Para a Associação Brasileira de Provedores OTTs (Abotts), ainda há desafios para empresas entrantes no segmento de distribuição de conteúdos OTT. A associação busca apoiar as empresas brasileiras de OTT em suas multiplicidades tecnológicas e funcionais, além de serviços de aplicações e de distribuição de conteúdo audiovisual, soluções, informação e serviços de internet, entre outros. Com essa missão principal, a associação estabeleceu alguns pontos de ação em sua agenda primária: regulamentação; tributação; combate à pirataria; e neutralidade de rede. Alexandre Britto, representante presente no painel, acrescenta pessoalmente uma outra questão – a viabilização e o estímulo ao desenvolvimento de novos negócios em todo o ecossistema OTT.

O primeiro passo a ser dado pela Abotts, de acordo com Britto, será a criação de comitês específicos divididos em três frentes distintas de trabalho: conteúdo (produtor, gestor e detentor de direitos); distribuição (provedor, agregador e programador); e consumo (plataformas, dispositivos e fabricantes). "O que falta no setor é isso: organizar assuntos, dividir pautas e temas e aí, sim, levá-los ao legislativo.", opina. Dentre as principais barreiras, desafios e oportunidades dos diferentes braços do setor neste momento, Britto aponta os principais: para o OTT, por exemplo, a grande barreira é a questão da infraestrutura (relacionada às novas tecnologias), o maior desafio é enfrentar a incerteza regulatória e tributária e a oportunidade é o surgimento dos novos mercados e, por consequência, da publicidade dirigida.

A Abotts hoje conta com cerca de dez associados e há em sua base serviços que ainda não foram lançados. "Justamente por medo dessa regulação.", revela Britto.

Há espaço para todos os novos serviços?

Com o surgimento de diversas plataformas de venda e distribuição de conteúdo na internet, fica o questionamento: e o consumidor dentro desse contexto? Ele acumulará diferentes assinaturas, de diversas plataformas, ou haverá um agregador de todos esses serviços? E, para além disso: há espaço para todos esses novos serviços no mercado?

Para Alexandre Britto, da Abotts, o surgimento da figura de um agregador desses serviços é inevitável. Para ele, é provável também que exista um filtro natural, que fará com que só os melhores permaneçam em atividade.

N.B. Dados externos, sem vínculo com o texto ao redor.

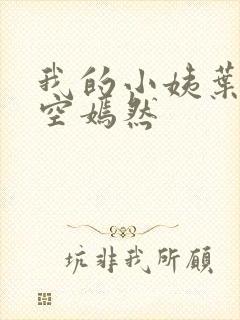 我的小姨叶凡司空嫣然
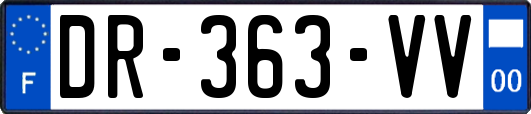 DR-363-VV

Já Vanessa Oliveira, diretora de projetos digitais VIU, discorda: "O surgimento de serviços variados vai gerar uma briga pelos melhores conteúdos, e se destacará no mercado quem os tiver. O surgimento de um possível agregador ainda deve demorar, uma vez que estamos falando de empresas de portes enormes envolvidas.". Worcman complementa: "No entretenimento, existe o conceito da 'indústria do lançamento', isto é, chama mais atenção aquele que acumula mais lançamentos em seu portfólio". Isso significaria que empresas pequenas e nichadas em teoria não teriam espaço no mercado. "Há uma falta de iniciativa de criação de espaços para nichos de conteúdo, tudo vem em pacotes grandes, com todos os gêneros", critica. E finaliza: "Há muito conteúdo de nicho, mas não plataformas para abrigá-los."

A diretora de projetos digitais da VIU conclui: "há espaço para todos, o ponto é a empresa entender quem ela é e onde ela se encaixa – e isso vale para as plataformas e para os talentos também. Dinheiro investido não é tudo – ainda dependemos da qualidade dos títulos e do engajamento que eles geram. O momento é de aprender a desaprender."